Studies of the biologic and clinical effects of fish oil in human thrombosis and atherosclerosis have increased rapidly in the past 10 years. The components of fish oil that have drawn the most attention are the omega-3 fatty acids, which are highly unsaturated long-chain fatty acids with the first double bond three carbon atoms removed from the methyl end of the molecule. These fatty acids are found in large quantities in sea life, most likely originating in plankton and extending up the food chain to cold-water fishes and, ultimately, to man.

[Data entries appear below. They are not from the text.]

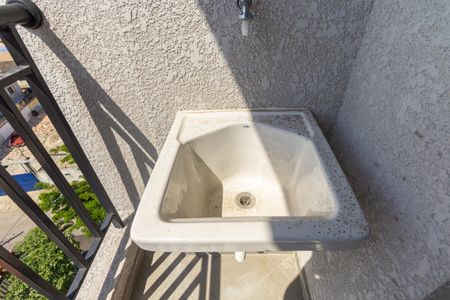 Studio para alugar com 24m², 1 quarto e sem vaga Studio para alugar com 24m², 1 quarto e sem vagaVaranda Studio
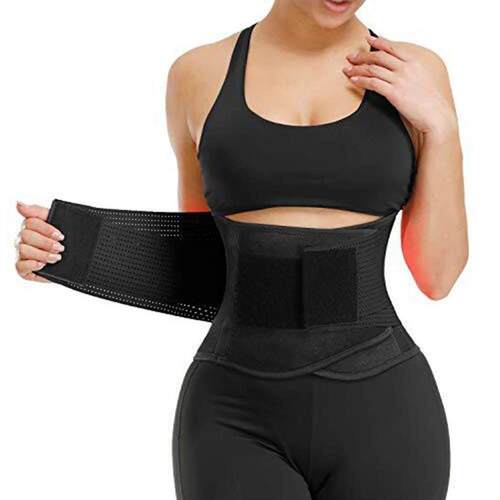 Waist Bandage Wrap Trimmer Belt Waist Trainer Body Shapewear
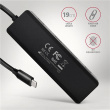 AXAGON Travel four-port USB-C 5Gbps hub | HUE-C1C HUE-C1C
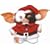 Gremlins Santa Gizmo Plush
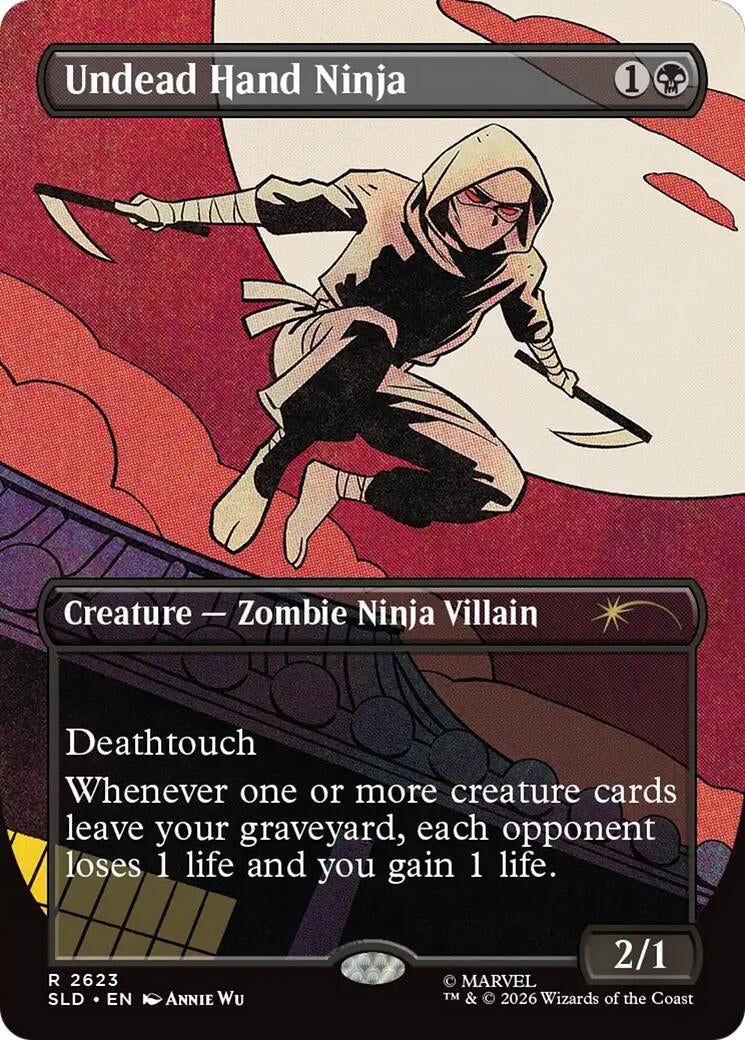 Image for Undead Hand Ninja (Secret Lair Drop Series) (2623) (SLD) - Magic: The Gathering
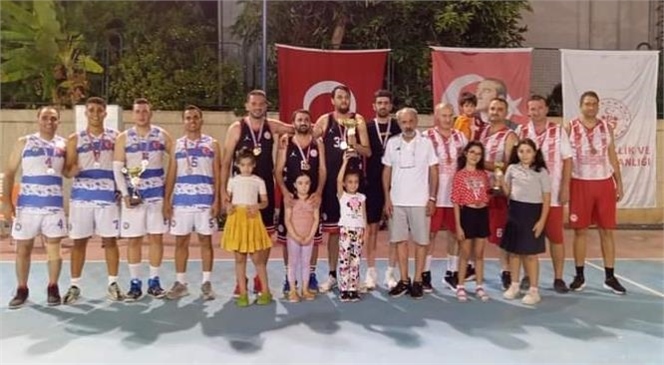 KAMU SPOR OYUNLARI 3X3 BASKETBOL MÜSABAKALARI SONA ERDİ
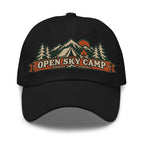Open Sky Camp Classic Cap Embroidery - Snappy Mood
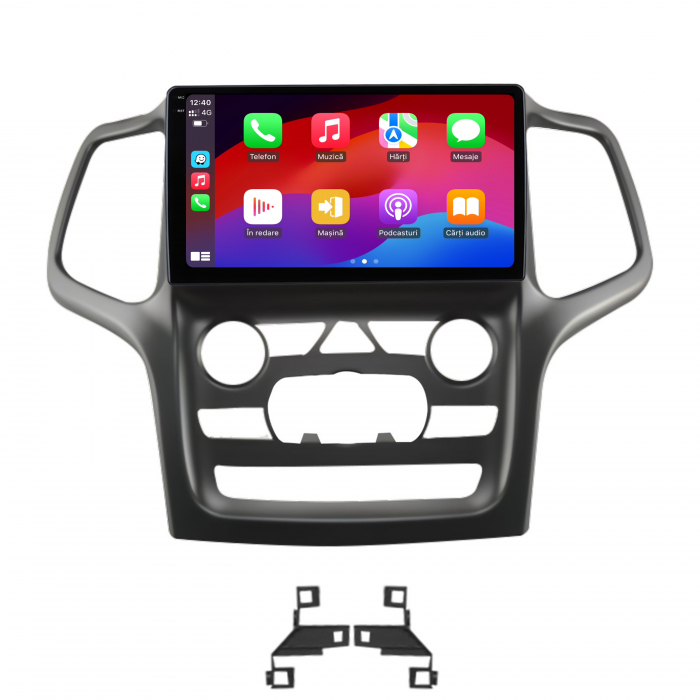 Navigatie Carplay Jeep Grand Cherokee 4GB | AutoDrop.ro [4]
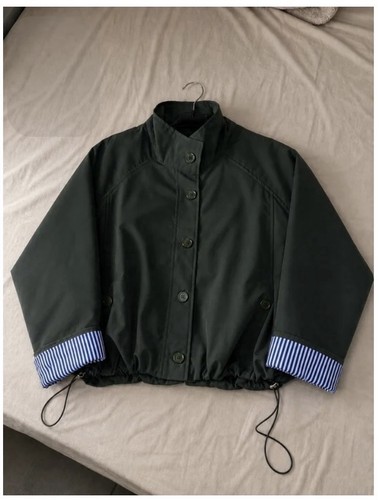 Veste bomber femme vert taille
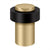 Deltana UFB7500U Round Universal Floor Bumper 3, Heavy Duty, Solid Brass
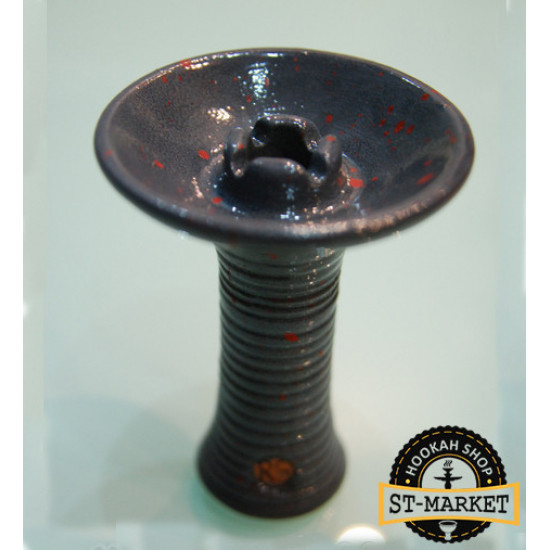 Чаша RS Bowls PL (Plate) - колір чорний-червоний Чаша RS Bowls PL (Plate) - колір чорний-червоний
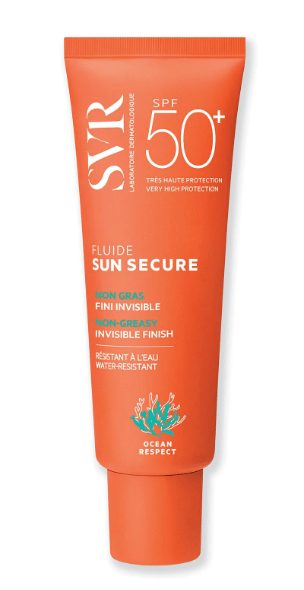SVR Sun Secure Fluid Invizibil SPF50 50 ml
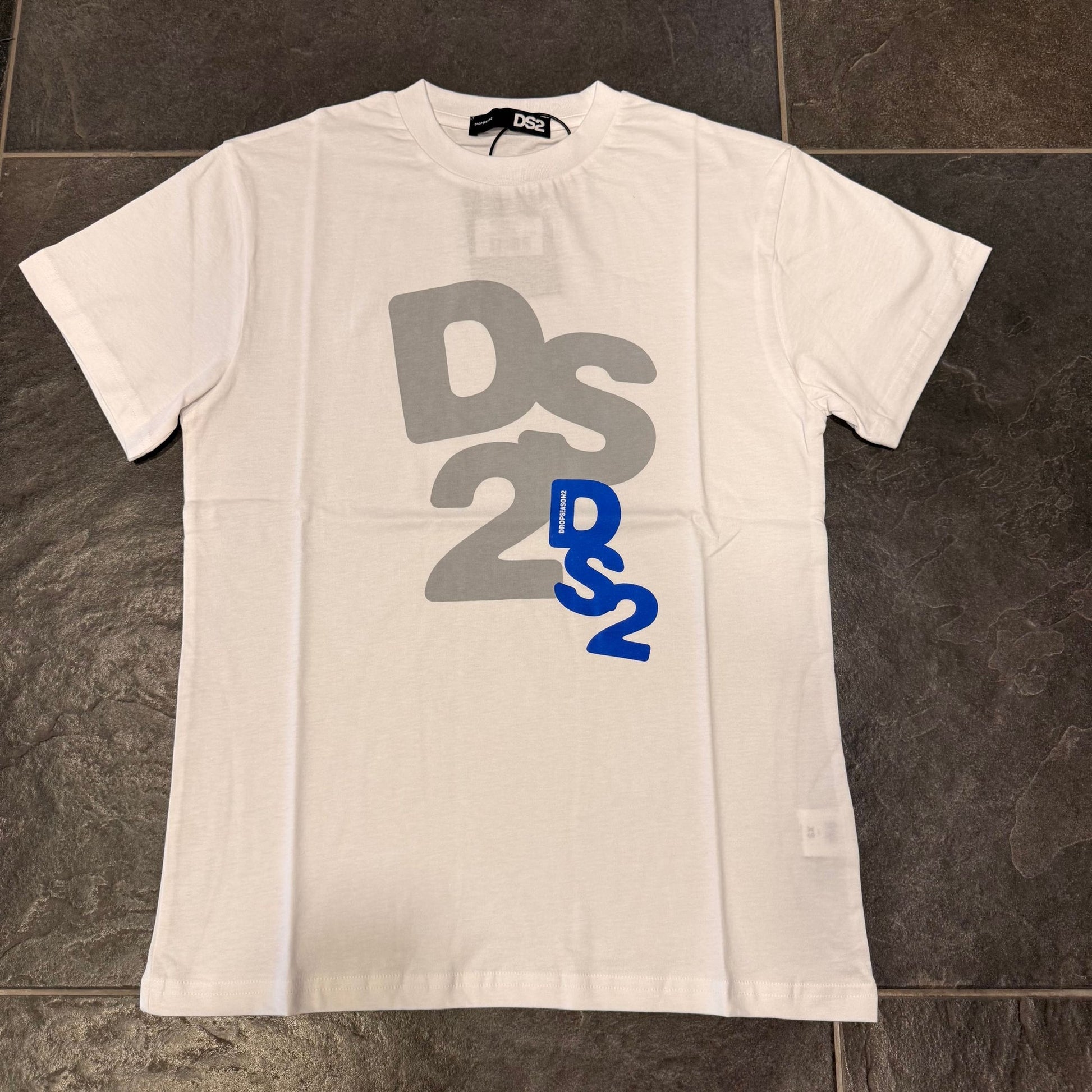 DS2 T-Shirt Bianco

Recently a multitude of new fish oil products have appeared for use not only in laboratory and clinical research, but also on the shelves of health food stores and supermarkets. These products include forms of fish oil that are lower in cholesterol but higher in the omega-3 fatty acids eicosapentaenoic acid (EPA) and docosahexaenoic acid (DHA), as well as highly purified preparations of the omega-3 fatty acids that have been formulated as ethyl esters or triglycerides. The stimulus for the development of these products has been the yet untested hypothesis that their ingestion as a dietary supplement might prevent or delay atherosclerosis and thrombosis, prolonging life. read
Research on fish oil or the omega-3 fatty acids has focused on the biochemical and cellular effects of these fatty acids and on dietary studies in humans and animals. For example, a series of reports have recently appeared describing the effects of fish oil on athero-genesis and on platelet-vascular interactions. However, controlled prospective clinical trials of the effects of fish oil on humans with atherosclerosis or thrombotic disease have not been reported. This article assesses the effects of fish oil on platelet and vascular function and reviews the animal and human studies reported to date. We provide recommendations for the use of fish oil as a potential therapeutic agent in human atherosclerotic or thrombotic disease.